Обязательными являются следующие стадии:
- Стерильными инструментами делается мазок на предметное стекло.
- Образец подсушивается.
Это делается при комнатной температуре либо с использованием сушильных шкафов.
- Далее следует стадия фиксации – специальными составами микроорганизмы прикрепляются к стеклу.
- Собственно окрашивание – образец покрывается красителем на фиксированный период времени, после чего его смывают.
- Окончательная сушка – образец снова высушивается.
Самые распространенные красители
Чаще всего используются красители на основе анилина с разными значениями кислотных показателей (рН).
Большинство красителей – порошки, которые разводят в спирте.
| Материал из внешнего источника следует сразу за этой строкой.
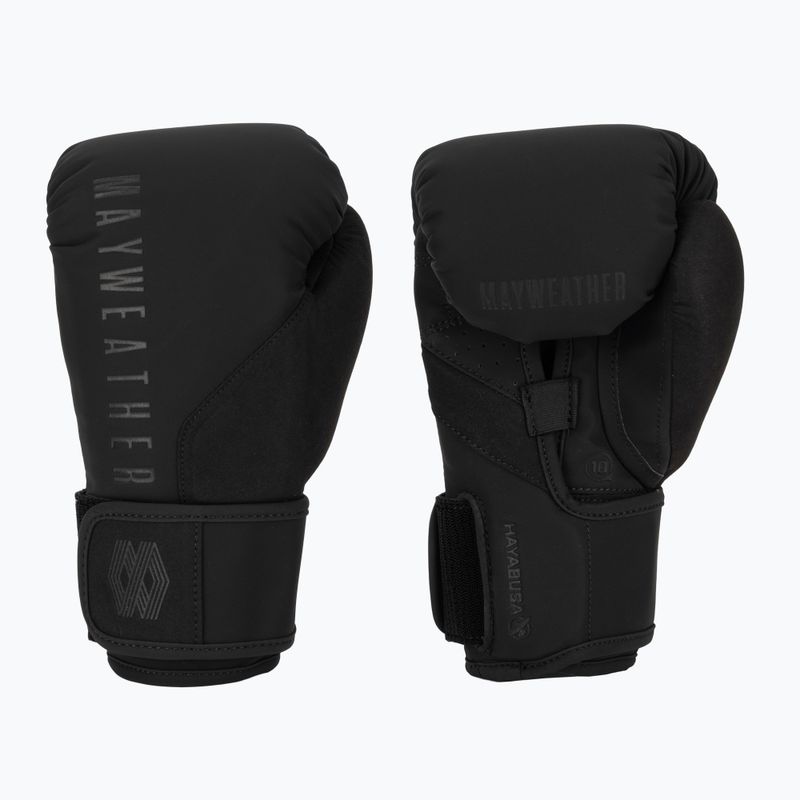 Bokso pirštinės Hayabusa Mayweather Champ black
Красители, в которых красящими агентами являются катионы, называются основными (рН больше 7). С их помощью можно окрасить микроорганизмы в красный (фуксин, сафранин), фиолетовый (метилвиолет, тионин), синий (метиленовая синь), зеленый (малахитовая зелень), коричневый (хризоидин) и черный (индулин) цвета.
Красители, в которых красящими агентами являются анионы, называются кислотными (рН меньше 7).
Они покрасят образец в красный (эозин), желтый (пикрин) или черный (нигрозин) цвета.
Есть группа нейтральных красителей (например, родамин В), где красящими агентами выступают и катионы, и анионы.
Культура живая или мертвая
Методы окрашивания делятся на две группы в соответствии с жизненной формой исследуемого образца.
- Витальное (прижизненное) окрашивание. Этот метод исследования свойств микроорганизмов используется при изучении живых тканей, что позволяет наблюдать за процессами жизнедеятельности микробов.
Для такого окрашивания используются красители с низкой токсичностью и высокой проникающей способностью.
- Поствитальное окрашивание. Это окрашивание мертвых или умерщвленных микроорганизмов. Благодаря тинкториальным свойствам бактерий, микробиологи определяют их структуру.
Именно такое окрашивание применяется наиболее широко.
Грамположительные и грамотрицательные бактерии
Именно такие характеристики бактерий можно встретить в инструкциях к различным медицинским препаратам.
Этот способ изучения тинкториальных свойств бактерий основан на использовании генциантового фиолетового красителя и фиксации йодом. Это методика Ганса Кристиана Грама, датского врача, который предложил ее в 1884 году.
В результате такого окрашивания бактерии делятся на две группы:
- Грам (+) – окрашиваются в синий цвет (стафилококки и стрептококки).
- Грам (-) – окрашиваются в цвет от розового до красного (энтеробактерии, сальмонеллы, кишечные палочки).
Различный результат окрашивания получается из-за неодинаковых тинкториальных свойств стенок бактерий.
Метод окраски Грама и сегодня является основным при диагностике некоторых инфекционных болезней.
Другие методики окрашивания
Дадим характеристику еще нескольким методикам, широко применяемым в бактериологии.
- Метод Циля-Нельсона – определяет кислотную устойчивость бактерий. По ней выявляют возбудителей туберкулеза и микобактериоза.
- Методика Романовского-Гимзе – окрашивает ацидофильные (уксуснокислые и молочнокислые) бактерии в красный, а базофильные (спирохеты и простейшие) – в синий цвет.
- Методика Морозова – окрашивает бактерии в коричневый цвет и делает видимыми их жгутики.
Можно увидеть споры
Окрашивание фукцином Циля позволяет увидеть споры бактерий.
Имея после окрашивания розовый цвет, они хорошо видны на фоне голубых бактерий. Этот метод также является инструментом бактериологии и имеет большое практическое значение.